As early as September 1870, Mr. Castillon de Saint-Victor was considering the idea of using the Seine's current to carry watertight balls containing mail, based on the "message in a bottle" principle. He proposed devices that would float below the surface, releasing a small flag once they entered Paris to signal their presence. The project was quickly abandoned as too complicated and risky to implement.

Schematic cross-section of a Moulins ball.

However, the idea was explored again at the beginning of the following month, but to thwart the besiegers' surveillance, the balls must not float on the surface or between two bodies of water. Their density was calculated so that they would roll along the bottom, carried along by the current.
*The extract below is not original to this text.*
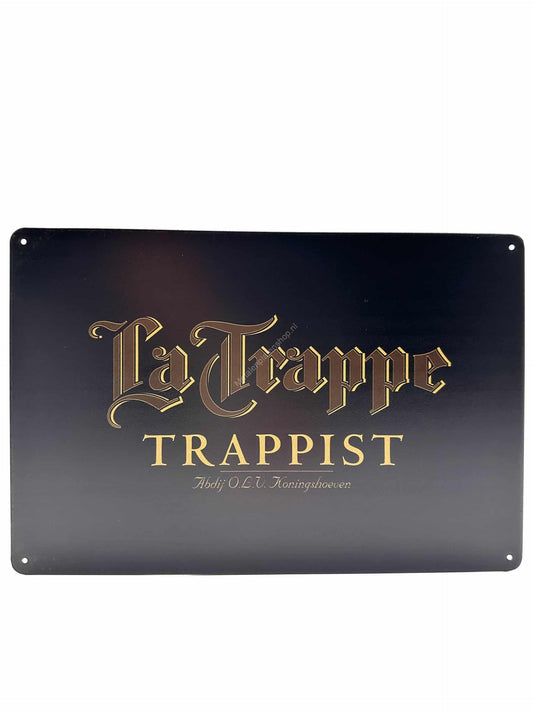 Metalen Wandbord - LaTrappe - Trappist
Three people, Pierre-Charles Delort, Émile (or Louis-Émile) Robert and Isca (or Jacques) Vonoven, developed a system based on the manufacture of zinc cylinders, a metal unaffected by water, which were watertight once the lid had been welded on. The device conceived by the three men, who did not seem to have been aware of Castillon de Saint-Victor's project, was perhaps inspired by the one used for tobacco smuggling on the French-Belgian border, in the waters of the Yser. The hollow cylinder was fitted with twelve turbine blade-like vanes designed to rotate it in the river current. With a total mass of just over 2 kg, the whole unit was shaped like a sphere and could hold between 500 and 600 letters, each weighing no more than 4 grams, including the envelope, written on peel-off paper. The cylinders had a small ballast at either end, which could be filled at will with water to balance the unit according to the weight of the letters it contained.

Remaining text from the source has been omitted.